Ostdeutschland steht unter Beobachtung. Was bis auf einen kurzen Schwall der Wiedervereinigungsfreude nach dem Mauerfall kein Ereignis zu erreichen vermochte, ist durch die erschreckend hohen Wahlergebnisse der Alternative für Deutschland in den neuen Bundesländern zustande gekommen: Der Osten hat die ungeteilte Aufmerksamkeit des Westens. Kaum eine Woche vergeht, ohne dass in einer der großen überregionalen Zeitungen ein umfangreicher Artikel erscheint, der den Osten erklären will: den Westdeutschen und den Ostdeutschen selbst.
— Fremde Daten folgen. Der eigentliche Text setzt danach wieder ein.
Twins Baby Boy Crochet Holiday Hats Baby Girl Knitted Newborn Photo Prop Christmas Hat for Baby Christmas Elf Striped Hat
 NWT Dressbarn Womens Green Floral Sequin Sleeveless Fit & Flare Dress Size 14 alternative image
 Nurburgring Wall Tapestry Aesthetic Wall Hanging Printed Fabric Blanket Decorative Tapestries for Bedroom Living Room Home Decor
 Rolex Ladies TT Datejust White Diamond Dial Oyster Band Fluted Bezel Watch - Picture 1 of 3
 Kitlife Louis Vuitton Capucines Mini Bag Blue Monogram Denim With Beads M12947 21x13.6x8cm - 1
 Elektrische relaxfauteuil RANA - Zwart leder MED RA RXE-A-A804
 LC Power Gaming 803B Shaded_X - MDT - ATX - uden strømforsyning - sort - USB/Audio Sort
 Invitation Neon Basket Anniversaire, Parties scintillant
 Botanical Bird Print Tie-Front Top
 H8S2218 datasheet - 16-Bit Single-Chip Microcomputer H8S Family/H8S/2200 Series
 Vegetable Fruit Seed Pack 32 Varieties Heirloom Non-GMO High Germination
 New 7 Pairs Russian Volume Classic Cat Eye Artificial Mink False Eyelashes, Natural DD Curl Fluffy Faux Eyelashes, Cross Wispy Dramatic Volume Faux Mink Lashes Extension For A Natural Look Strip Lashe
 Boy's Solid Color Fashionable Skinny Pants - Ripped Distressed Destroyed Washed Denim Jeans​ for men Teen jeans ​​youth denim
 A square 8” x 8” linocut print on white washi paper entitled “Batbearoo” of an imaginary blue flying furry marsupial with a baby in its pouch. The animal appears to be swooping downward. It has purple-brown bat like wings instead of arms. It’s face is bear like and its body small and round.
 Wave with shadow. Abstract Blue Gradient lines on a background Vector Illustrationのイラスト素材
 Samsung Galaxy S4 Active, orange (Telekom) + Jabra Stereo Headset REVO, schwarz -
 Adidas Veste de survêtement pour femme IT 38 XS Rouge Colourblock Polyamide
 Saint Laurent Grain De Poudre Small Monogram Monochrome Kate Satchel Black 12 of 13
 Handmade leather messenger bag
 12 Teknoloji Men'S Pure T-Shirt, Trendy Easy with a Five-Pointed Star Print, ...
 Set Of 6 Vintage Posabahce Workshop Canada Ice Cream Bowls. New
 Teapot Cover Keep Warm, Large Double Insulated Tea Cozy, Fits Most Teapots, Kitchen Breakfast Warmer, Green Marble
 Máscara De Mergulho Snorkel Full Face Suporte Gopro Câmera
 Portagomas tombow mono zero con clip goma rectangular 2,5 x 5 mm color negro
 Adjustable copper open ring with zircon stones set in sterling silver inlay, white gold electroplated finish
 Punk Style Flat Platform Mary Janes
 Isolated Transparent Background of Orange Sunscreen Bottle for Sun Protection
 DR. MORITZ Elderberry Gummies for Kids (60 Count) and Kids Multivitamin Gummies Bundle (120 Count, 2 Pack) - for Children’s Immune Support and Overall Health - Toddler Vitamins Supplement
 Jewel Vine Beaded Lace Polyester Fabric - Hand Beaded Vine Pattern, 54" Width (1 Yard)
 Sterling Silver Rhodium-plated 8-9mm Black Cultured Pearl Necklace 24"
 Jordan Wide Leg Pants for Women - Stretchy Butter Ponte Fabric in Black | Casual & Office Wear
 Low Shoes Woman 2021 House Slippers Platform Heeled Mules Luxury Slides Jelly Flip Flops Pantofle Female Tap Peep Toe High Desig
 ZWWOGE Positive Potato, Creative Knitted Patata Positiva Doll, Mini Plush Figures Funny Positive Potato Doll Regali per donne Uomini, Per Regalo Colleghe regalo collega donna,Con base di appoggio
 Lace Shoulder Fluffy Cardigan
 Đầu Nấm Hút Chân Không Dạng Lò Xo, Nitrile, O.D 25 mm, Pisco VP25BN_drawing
Weshalb finden rechtspopulistische bis rechtsradikale oder neofaschistische Persönlichkeiten, Parteien oder politische Organisationen im Osten eine so immense Zustimmung, die sich nicht nur durch ihre Massen, sondern auch in ihrer rabiateren, extremeren Qualität von ihrem Widerhall im Westen (selbst in Bayern) unterscheidet? Welche Linie führt von den Montagsdemonstrationen für Freiheit und Selbstbestimmung zur massenhaften Wahl einer Partei und Unterstützung von Persönlichkeiten und Organisationen, die Freiheit nicht in individueller, persönlicher Entfaltung in Form eines Gesellschaftsvertrags mit starken Abwehrrechten gegen den Staat für alle sehen, sondern nur in einer Freiheit von supranationalen Gebilden zum Zwecke einer Stärkung der Volksgemeinschaft, die ihre Minderheiten, ob ethnisch, religiös oder ideell, so weit wie zumindest nicht allzu offensichtlich faschistisch marginalisieren möchte.

Wenn sie wollte, könnte die neue Staffel von «Weissensee» darauf Antworten geben: Denn sie spielt in der Zeit des Übergangs, zwischen Mauerfall und Wiedervereinigung, als der Grundstein für das Zusammenwachsen West- und Ostdeutschlands gelegt wurde, das von nicht wenigen Ostdeutschen heute vielmehr als Annexion verstanden wird. Dabei können die Figuren sowie ihre Handlungen und Haltungen durchaus als Allegorien verstanden werden:

Cast & Crew

  • Darsteller (Auswahl): Florian Lukas, Jörg Hartmann, Uwe Kockisch, Ruth Reinecke
  • Anna Loos, Lisa Wagner, Claudia Mehnert
  • Buch & Regie: Friedemann Fromm
  • Musik: Stefan Mertin und Martin Hornung
  • Kamera: Michael Wiesweg
  • Produktionsleitung: Sebastian Stürmer
  • Produktion: Ziegler Film
Falk Kupfer, der überzeugte MfS-Funktionär, der nie ein Problem mit den harten, mitunter menschenverachtenden Bandagen seines Regimes hatte, an deren Notwendigkeit er treu und an dessen Aufrichtigkeit er unerschütterlich glaubte, konnte sich mithilfe alter Seilschaften in den Zeiten des Umbruchs absichern. Jetzt ist er eingebunden in ein klandestines Geflecht aus komplexen Verpflichtungen ehemaliger Stasi-Führer und will Kasse machen, indem er sich einem westdeutschen Versicherungskonzern andient, der in der Wende ein Milliardengeschäft wittert.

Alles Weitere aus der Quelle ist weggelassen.